- Information supplied
____________
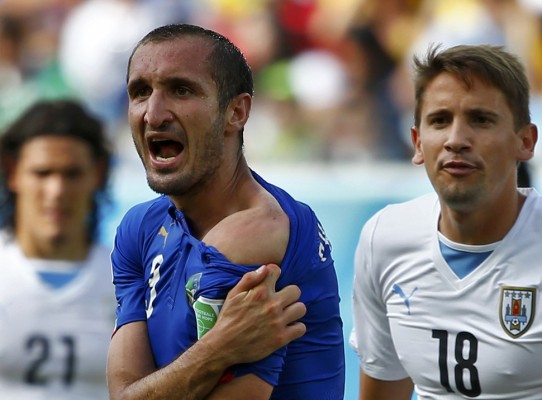 Italy's Giorgio Chiellini shows his shoulder, claiming he was bitten by Uruguay's Luis Suarez, during their 2014 World Cup Group D soccer match at the Dunas arena in Natal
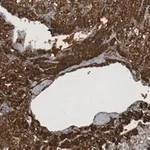 Merck Anti-Clusterin α chain Antibody, clone 41D ZooMAb Mouse Monoclonal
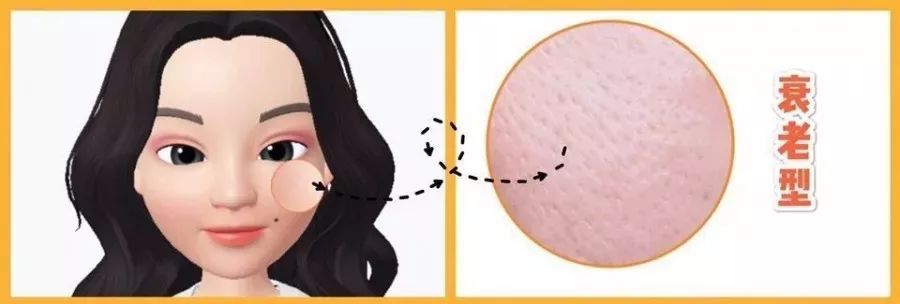 橘子皮怎么收缩毛孔,毛孔粗大橘子皮肤质还有救吗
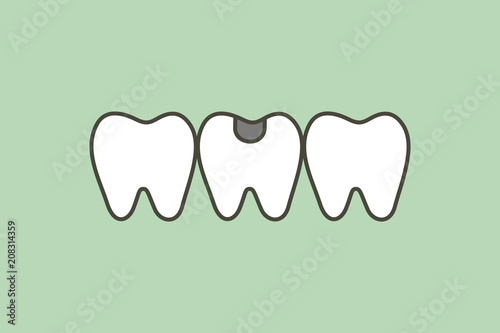 decay tooth or dental caries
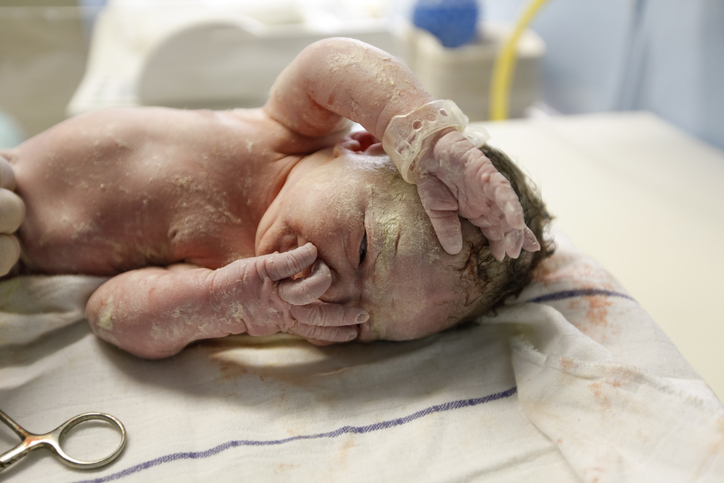Vernix covered newborn with a lot of hair, lying on a table under the light, just after he was born, being assessed for apgar score by a midwife in delivery room in hospital. New life, health assessment concept.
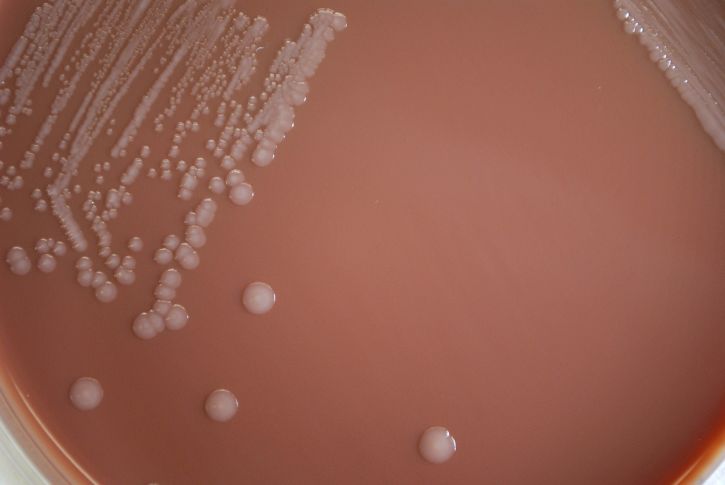 LES PLAIES ET LES MALADIES INFECTIEUSES ÉMERGENTES SONT-ELLES PROPHÉTIQUES ?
____________
- What is needed
Leaving aside every picture, transcribe exactly the lines that run from the one with "decay tooth or dental caries" to the close of the listing above.

- Task solution
 decay tooth or dental caries
Vernix covered newborn with a lot of hair, lying on a table under the light, just after he was born, being assessed for apgar score by a midwife in delivery room in hospital. New life, health assessment concept.
 LES PLAIES ET LES MALADIES INFECTIEUSES ÉMERGENTES SONT-ELLES PROPHÉTIQUES ?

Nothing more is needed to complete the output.